### ASSIGNED TASK
Print all the data that follows exactly, images excluded.

### PROVIDED MATERIAL
▬▬▬▬▬▬▬▬▬▬
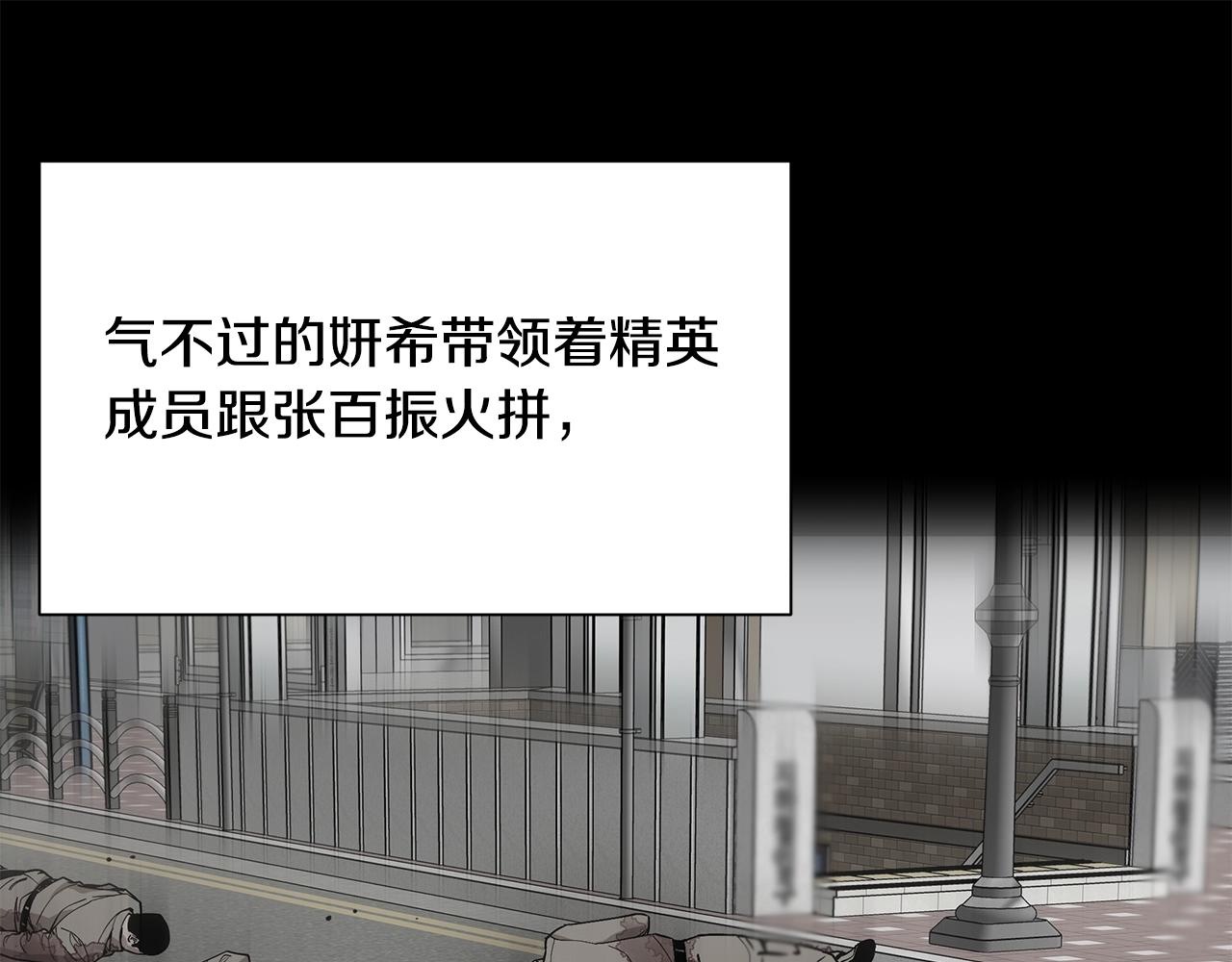 第118话 曾今的伙伴127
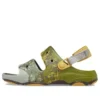 All-Terrain Summit Sandalen “Espresso”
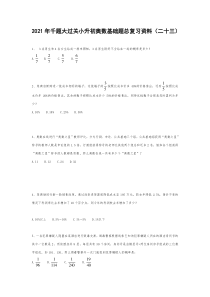 六年级下册千题大过关小升初奥数基础题总复习资料二十三无答案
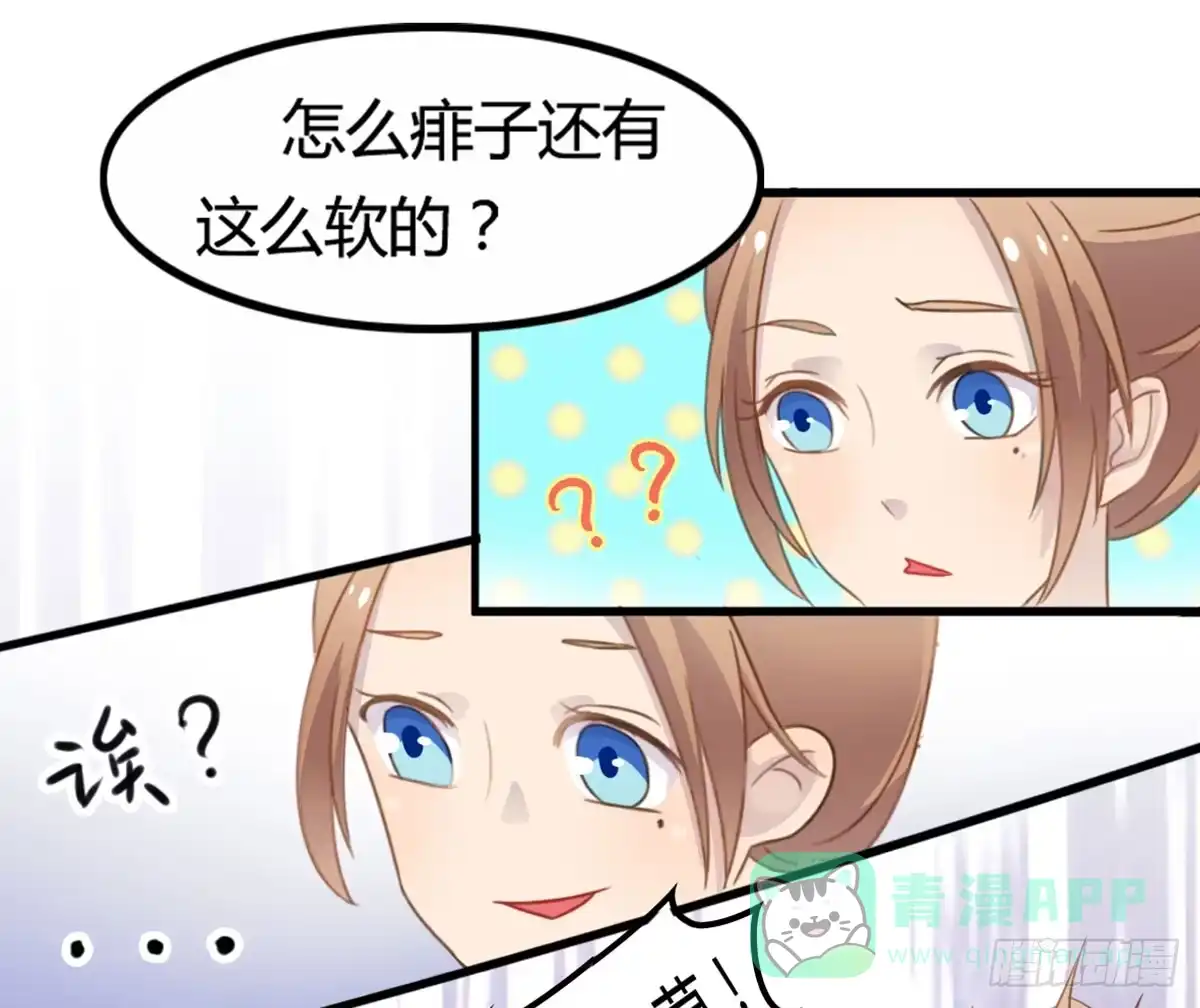 《上吧！女主播》他竟然是女的？ 第51页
▬▬▬▬▬▬▬▬▬▬
### FINISHED TASK
 第118话 曾今的伙伴127
 All-Terrain Summit Sandalen “Espresso”
 六年级下册千题大过关小升初奥数基础题总复习资料二十三无答案
 《上吧！女主播》他竟然是女的？ 第51页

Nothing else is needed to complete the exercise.